North Fork Opens Door For a Fleet Bid on Dime

North Fork Bancorp, hoping to press its hostile bid for Dime Bancorp to a swift resolution, took the unusual step Wednesday of clearing the path for a competing bid by its ally, FleetBoston Financial Corp.

Melville, N.Y.-based North Fork has offered to cancel part of an agreement with Fleet that prevented the Boston-based bank from bidding for Dime. The agreement was part of a larger pact between the two companies in which Fleet would inject $250 million in support of North Fork's takeover of Dime in return for the chance to buy deposits and branches in New York from the combined company.

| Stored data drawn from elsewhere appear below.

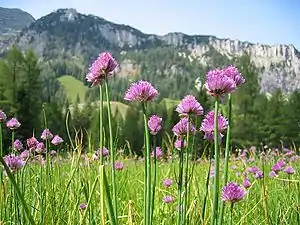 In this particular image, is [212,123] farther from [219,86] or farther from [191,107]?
[219,86]

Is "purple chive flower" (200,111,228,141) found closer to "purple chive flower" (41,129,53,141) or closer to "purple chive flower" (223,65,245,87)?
"purple chive flower" (223,65,245,87)

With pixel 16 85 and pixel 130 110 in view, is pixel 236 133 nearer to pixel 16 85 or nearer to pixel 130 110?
pixel 16 85

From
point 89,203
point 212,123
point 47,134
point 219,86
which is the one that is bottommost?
point 89,203

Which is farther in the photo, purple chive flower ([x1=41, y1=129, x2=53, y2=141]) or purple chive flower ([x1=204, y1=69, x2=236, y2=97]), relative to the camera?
purple chive flower ([x1=41, y1=129, x2=53, y2=141])

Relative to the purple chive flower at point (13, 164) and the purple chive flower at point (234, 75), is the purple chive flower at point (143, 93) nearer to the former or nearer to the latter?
the purple chive flower at point (234, 75)

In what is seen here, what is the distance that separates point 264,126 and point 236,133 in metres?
3.65

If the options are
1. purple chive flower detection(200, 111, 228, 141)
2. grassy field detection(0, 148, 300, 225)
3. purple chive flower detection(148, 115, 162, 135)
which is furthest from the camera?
grassy field detection(0, 148, 300, 225)

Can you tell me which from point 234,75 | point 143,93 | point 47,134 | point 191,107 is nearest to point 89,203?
point 143,93

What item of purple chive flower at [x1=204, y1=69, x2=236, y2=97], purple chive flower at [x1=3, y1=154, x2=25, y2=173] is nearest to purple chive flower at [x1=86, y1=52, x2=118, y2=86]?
purple chive flower at [x1=204, y1=69, x2=236, y2=97]

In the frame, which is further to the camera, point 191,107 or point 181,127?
point 181,127

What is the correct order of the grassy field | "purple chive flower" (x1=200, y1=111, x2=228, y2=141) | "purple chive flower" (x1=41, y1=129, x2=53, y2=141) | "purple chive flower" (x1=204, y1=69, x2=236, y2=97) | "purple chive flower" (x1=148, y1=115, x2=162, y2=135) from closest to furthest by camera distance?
"purple chive flower" (x1=204, y1=69, x2=236, y2=97) → "purple chive flower" (x1=200, y1=111, x2=228, y2=141) → "purple chive flower" (x1=148, y1=115, x2=162, y2=135) → the grassy field → "purple chive flower" (x1=41, y1=129, x2=53, y2=141)

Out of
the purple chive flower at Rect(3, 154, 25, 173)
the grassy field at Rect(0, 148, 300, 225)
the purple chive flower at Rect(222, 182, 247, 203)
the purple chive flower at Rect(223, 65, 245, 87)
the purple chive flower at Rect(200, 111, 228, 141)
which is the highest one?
the purple chive flower at Rect(223, 65, 245, 87)

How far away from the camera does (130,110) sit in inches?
3019

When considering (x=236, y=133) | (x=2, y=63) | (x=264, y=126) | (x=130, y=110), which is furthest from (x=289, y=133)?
(x=130, y=110)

John Adam Kanas, North Fork's chairman and chief executive officer, said Wednesday during a conference call with investors and the media that Dime has appeared to use the noncompete part of that original agreement as a reason to drag its feet and ultimately avoid a sale of the company.

"You want this company sold," Mr. Kanas told Dime investors. "I won't let them use us as an excuse not to sell."

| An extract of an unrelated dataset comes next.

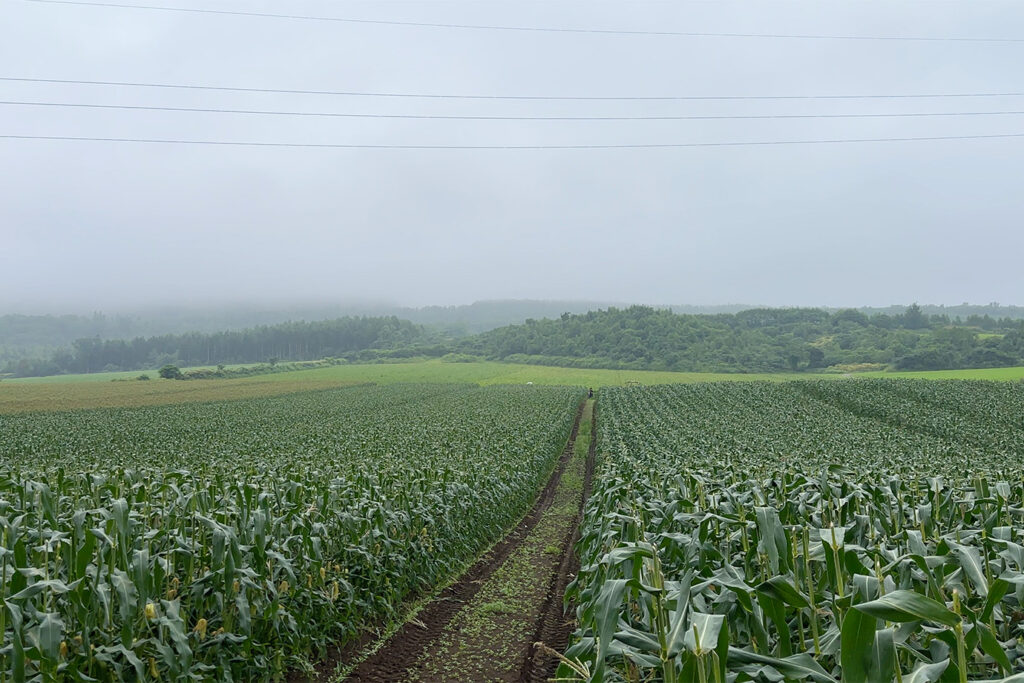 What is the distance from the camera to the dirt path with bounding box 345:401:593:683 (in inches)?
247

The lifting of the noncompete clause immediately adds Fleet to a list of possible bidders, though no banks other than North Fork have officially stepped forward with their own claim on Dime.

Mr. Kanas has said he would consider raising his bid for Dime, but his repeated attempts to meet with Dime's management to discuss his offer have failed, and he asserted that Dime management's intention all along has been to remain independent.

"It is time to stop hiding and take their collective heads out of the sand," Mr. Kanas said of Dime's management. "They think that no other company is going to be willing to spend the time and the money to wrestle the company away from them."

Mr. Kanas also said Dime's statement that it would not decide on its course until the completion of a strategic review "means Dime believed it can do whatever it feels like."

Thus, Wednesday's actions escalated the war of words that has been waged since North Fork began its takeover attempt in March.

Lawrence J. Toal, Dime's chairman and chief executive officer, said in March that the move was nothing more than a "1980s-style bust-up attempt." He also said North Fork's offer was inadequate and that its success was based on "unachievable assumptions." Within a day, Dime's board issued a statement rejecting the bid.

Charges and countercharges lobbed back and forth throughout the spring. Dime claimed the two companies had engaged in preliminary merger discussions two years ago but agreed to call them off. North Fork said that was "patently untrue."

"For several weeks we have observed Dime's behavior," Mr. Kanas said Wednesday. "We have been silent while Mr. Toal has discredited us. I hope Dime management is listening."

In a statement late Wednesday, a Dime spokesman said, "Nothing we have heard today from Mr. Kanas changes our view that North Fork's proposal would provide wholly inadequate financial returns to Dime shareholders, is unachievable, and rife with integration and execution risk.

"We are making good progress in our comprehensive review of strategic alternatives and will act in the best interest of shareholders," the spokesman added.

Mr. Kanas has acknowledged that Fleet was originally brought in by North Fork as an investor in part for defensive reasons. "It is clear that Fleet could have outbid us," he said in an interview in March.

That statement and several others led to a lawsuit by Dime, which claimed North Fork and Fleet were conspiring to choke off competition in the New York region. Dime also claimed that the two companies were attempting to buy branches and deposits at a price far lower than they would have offered had they competed against each other.

Mr. Kanas said he did not want Dime to be able to hold that accusation over his head anymore.

A Fleet statement on Wednesday's announcement was not available at press time.

Some observers said Fleet may not be inclined to bid for Dime because its agreement with North Fork - most of which is still in place - already puts it in a good spot. Fleet's investment would allow it to own 7% of a combined North Fork-Dime with options to buy additional shares. Fleet could also have the option to buy $2 billion of deposits and 17 branches from the combined company for $160 million.

But even if North Fork loses the bidding to its much bigger partner, it still wins. The arrangement with Fleet provides that Fleet pay North Fork $2.5 million and give it $500 million of deposits and four branches in Manhattan in that scenario.

A combined North Fork-Dime would have $36 billion of assets, $21 billion of deposits, and 268 branches.

A spokeswoman for Dime said late Tuesday that the company had rescheduled its annual shareholders meeting for June 29. Mr. Kanas urged Dime shareholders listening to the conference call to turn over their shares to North Fork and vote against Dime's proposed board members. Mr. Kanas said he had not decided whether he would submit his own slate for election at the meeting.